> [TASK PROMPT]
Only an exact repetition of the lines from the one holding "Lämmitetty uima-allas, kaasugrilli, upeat" to the end of the data is wanted, with pictures left out.

[Short text fragments from websites]
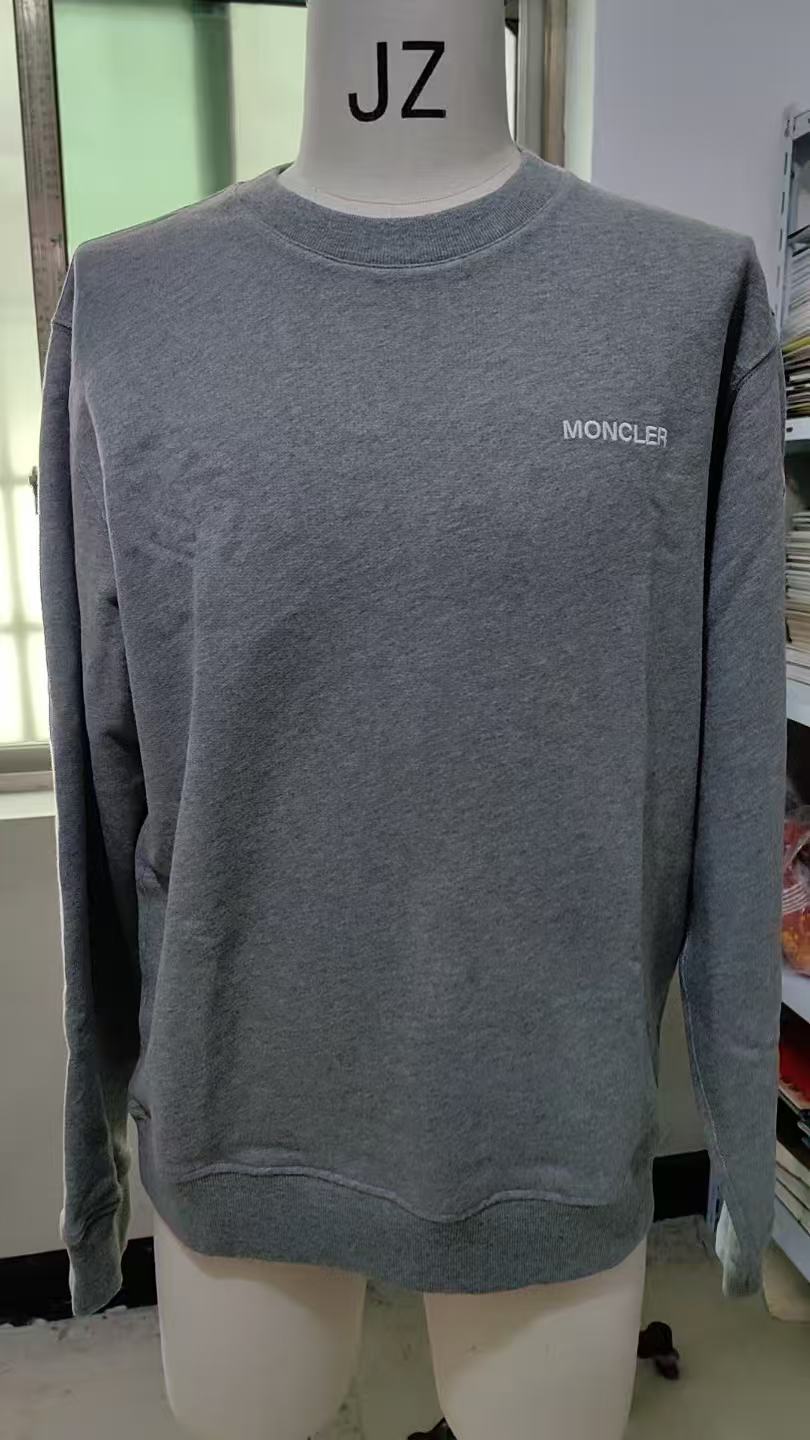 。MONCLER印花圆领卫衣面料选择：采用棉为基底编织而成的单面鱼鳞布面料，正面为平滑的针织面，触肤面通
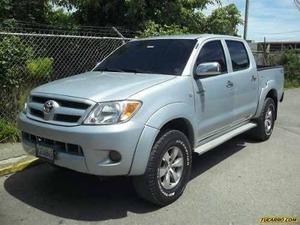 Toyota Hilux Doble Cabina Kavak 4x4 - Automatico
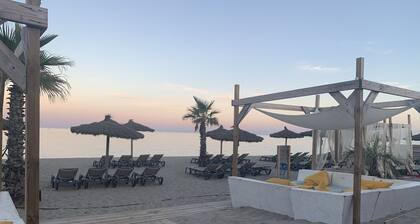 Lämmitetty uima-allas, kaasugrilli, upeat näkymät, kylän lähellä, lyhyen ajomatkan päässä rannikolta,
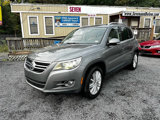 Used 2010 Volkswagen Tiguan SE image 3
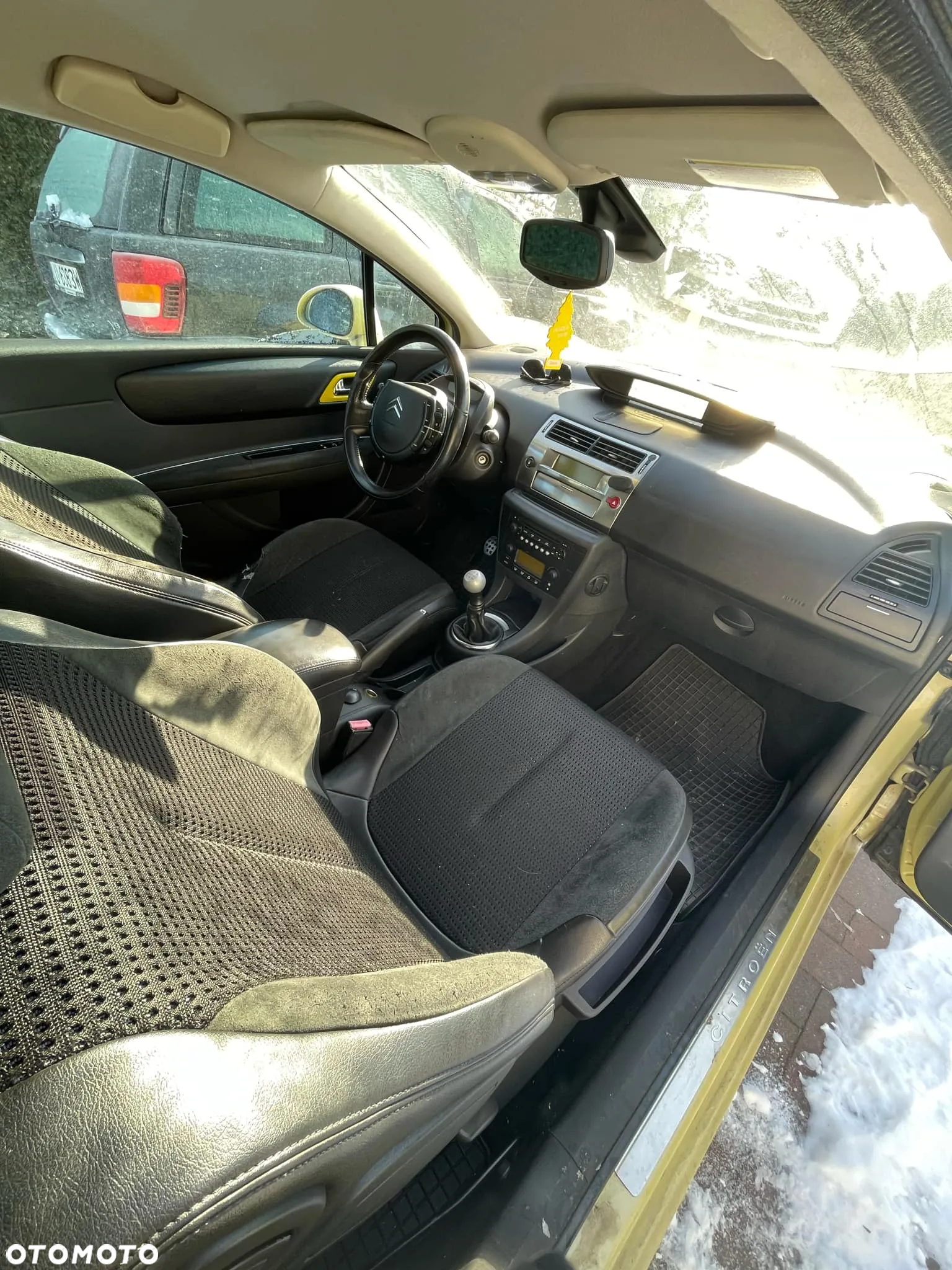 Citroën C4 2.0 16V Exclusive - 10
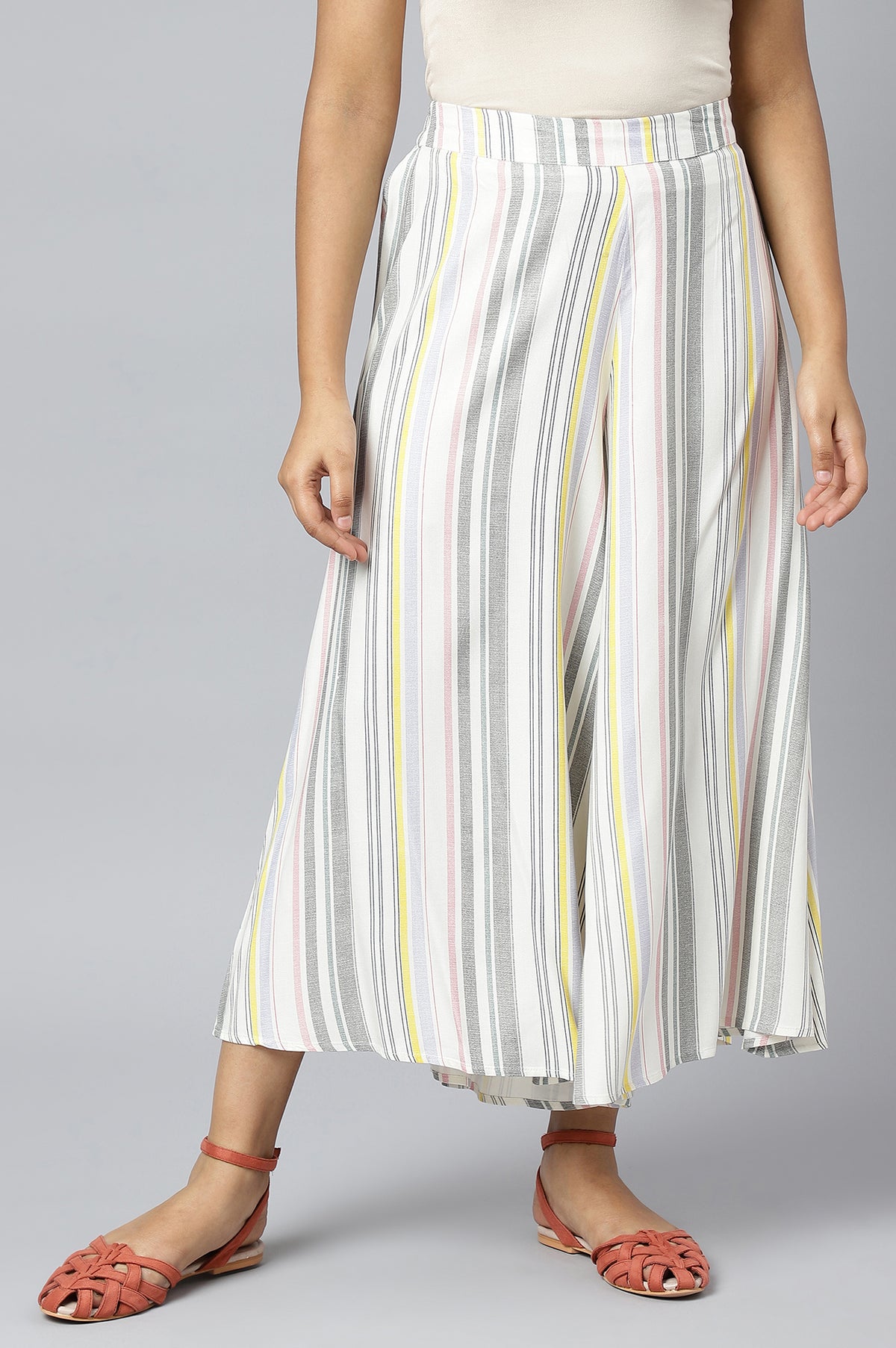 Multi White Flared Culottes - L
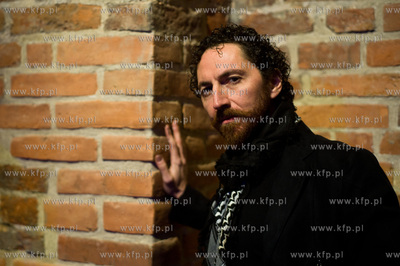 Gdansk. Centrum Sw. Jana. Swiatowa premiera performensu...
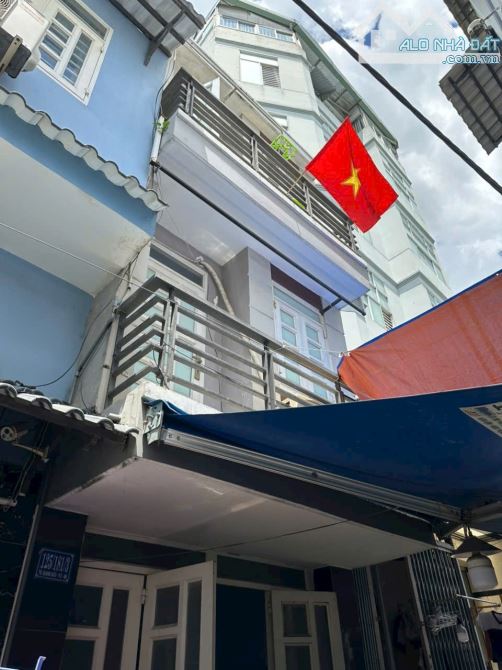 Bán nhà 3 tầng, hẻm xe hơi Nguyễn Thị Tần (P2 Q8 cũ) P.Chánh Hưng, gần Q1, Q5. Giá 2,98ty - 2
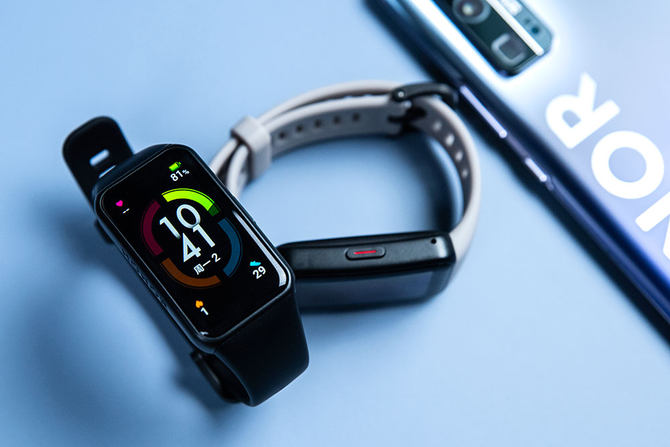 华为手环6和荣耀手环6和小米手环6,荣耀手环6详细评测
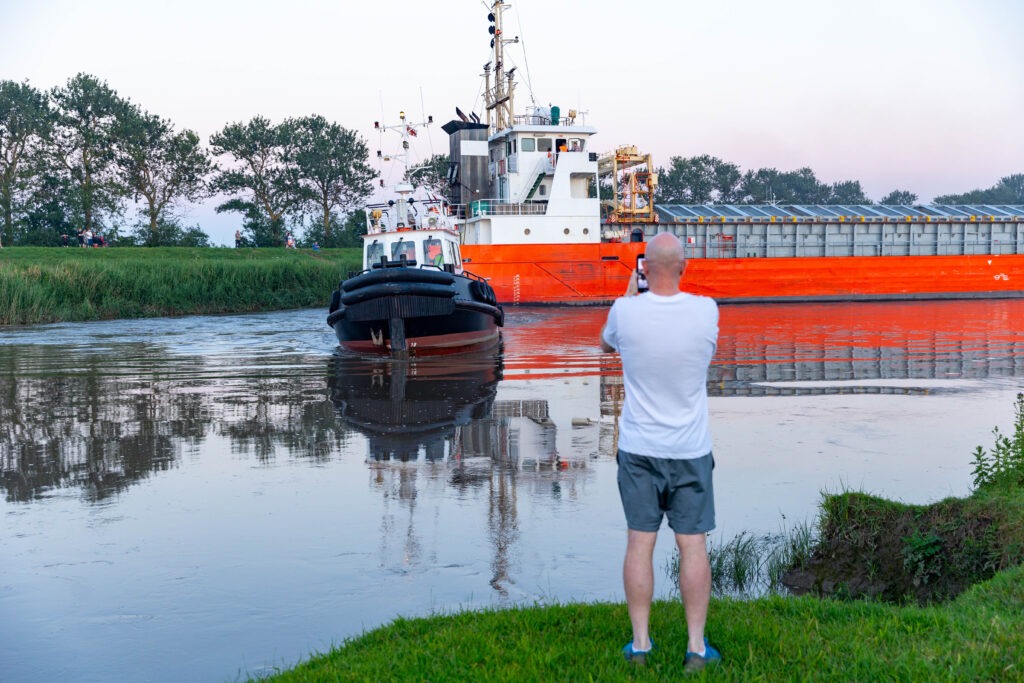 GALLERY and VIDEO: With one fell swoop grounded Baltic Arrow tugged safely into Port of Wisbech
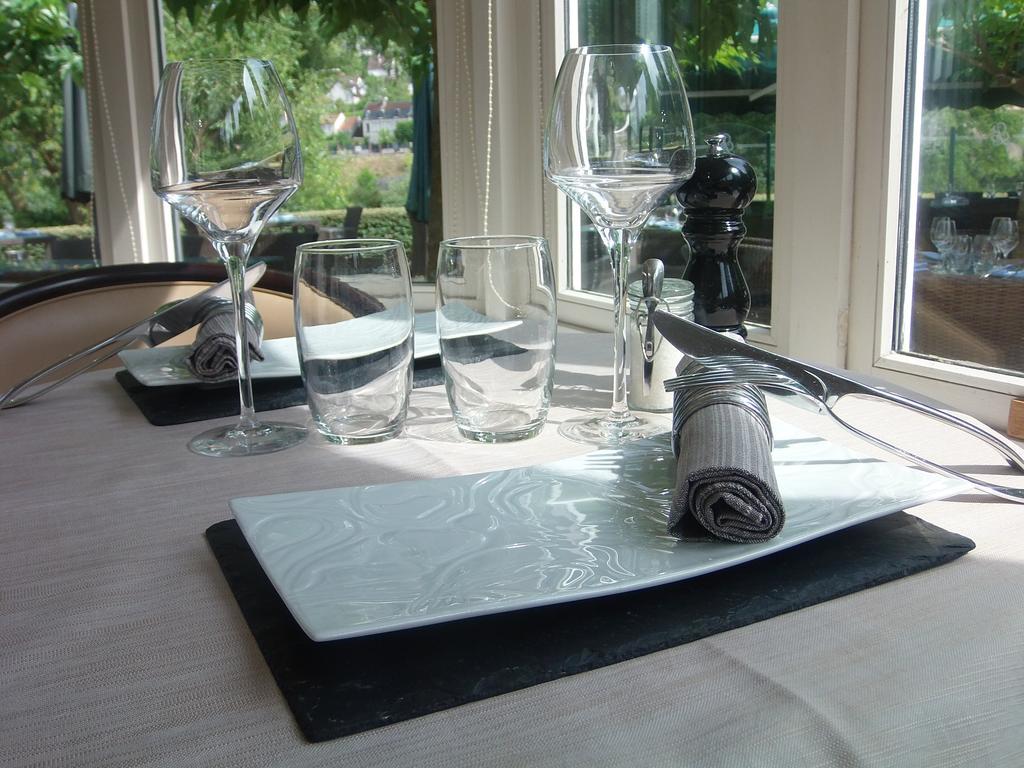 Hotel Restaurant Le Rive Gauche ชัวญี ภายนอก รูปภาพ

> [RESULT OF THE TASK]
 Lämmitetty uima-allas, kaasugrilli, upeat näkymät, kylän lähellä, lyhyen ajomatkan päässä rannikolta,
 Used 2010 Volkswagen Tiguan SE image 3
 Citroën C4 2.0 16V Exclusive - 10
 Multi White Flared Culottes - L
 Gdansk. Centrum Sw. Jana. Swiatowa premiera performensu...
 Bán nhà 3 tầng, hẻm xe hơi Nguyễn Thị Tần (P2 Q8 cũ) P.Chánh Hưng, gần Q1, Q5. Giá 2,98ty - 2
 华为手环6和荣耀手环6和小米手环6,荣耀手环6详细评测
 GALLERY and VIDEO: With one fell swoop grounded Baltic Arrow tugged safely into Port of Wisbech
 Hotel Restaurant Le Rive Gauche ชัวญี ภายนอก รูปภาพ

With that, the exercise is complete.